“Thank God I’m Done with English.”

When you teach at one school for any length of time, you inevitably run into students wherever you go.  This past Friday I was on my way to Greektown for a gyro and encountered a former student from my First Year writing course two semesters ago.

I don’t know about you but I always find these situations a little awkward at first.  Most of these students I don’t see after they take my freshmen level courses.  They go on to their various fields of study and I don’t have the opportunity to see them again.  Consequently, I’m never really sure what to talk about.
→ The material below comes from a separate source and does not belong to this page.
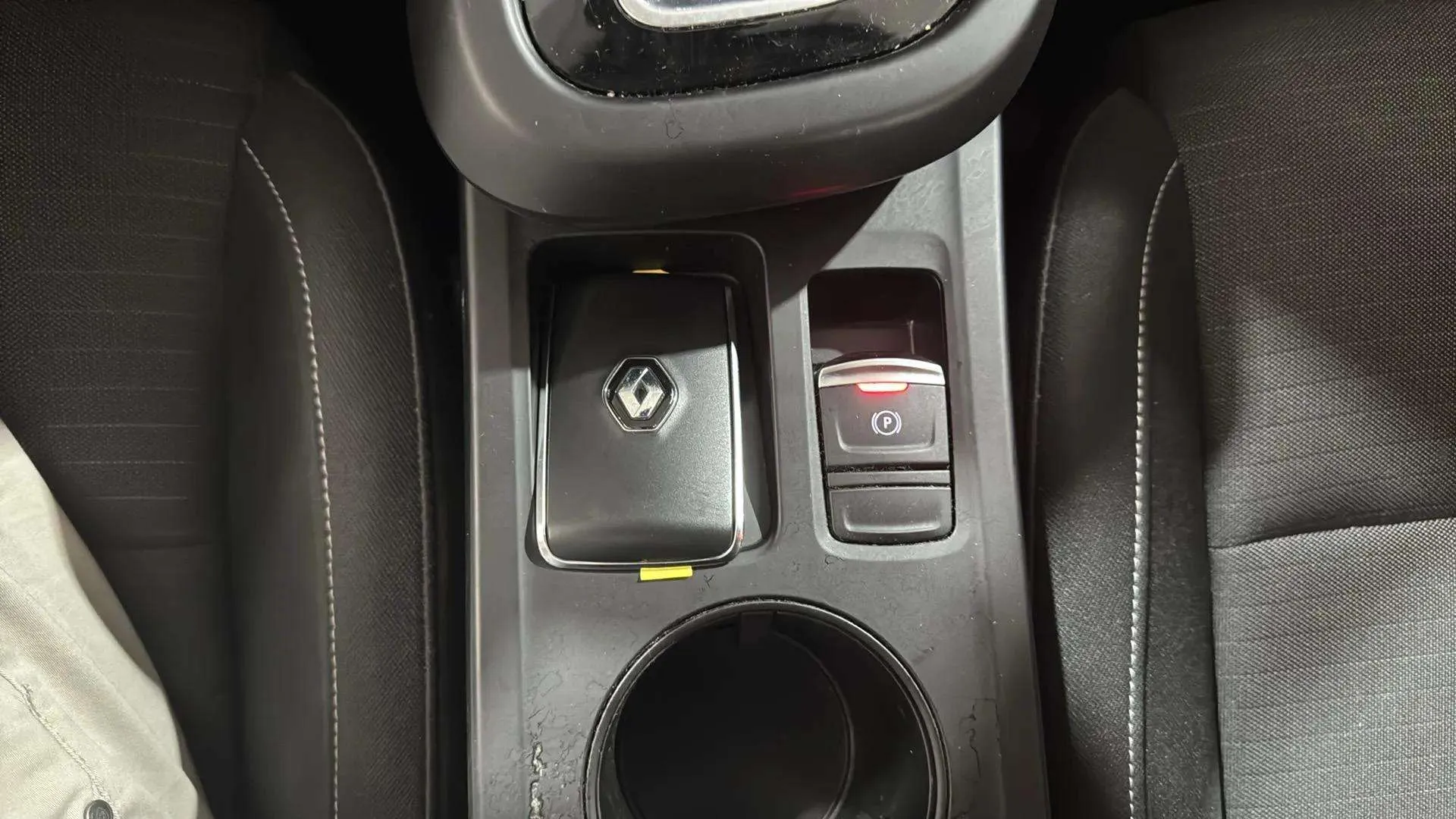 Renault Arkana Evolution TCe EDC mild hybr - foto 19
In this case, I gravitated towards the predictable.  “So what classes are you taking this semester?  Are they going well?”  As this student answered my utterly banal questions, she eventually blurted out “Thank God I’m done with English.  Now I can get on to what I want to study.”

Being a long time teacher of the core curriculum at this school, which is universally required and almost as univerally reviled by students, I’m used to comments like these.  I just laugh them off.  What made me sad, however, was the grain of truth in what she was saying.  My course would more than likely be the last “English” (i.e. writing) course that she would take in her college career.  Admittedly she will have classes that require her to write, but never again will writing be a deliberate part of her instruction.

Perhaps this is just the English teacher in me speaking out, but I find this reality disgusting.  Without any meaningful iteration, First Year writing courses are indeed what students claim–a waste of time.  They jump through the hoop to make those in power happy and then go on their merry way.  This attitude will not change until writing or more appropriately COMMUNICATION  at ALL LEVELS of the curriculum and in ALL DISCIPLINES becomes a subject worthy of sustained attention.  When we write, we communicate our ideas with others.  If we can’t do this effectively, our ideas may as well not exist.  If we can’t do this effectively, it is not the English teachers that have failed our students but those who feel that effective communication is the problem of a selected few.

Let’s hope that sometime in the future, students like that young lady mentioned above will see the global value of good communication and not cringe in fear of the “English” class.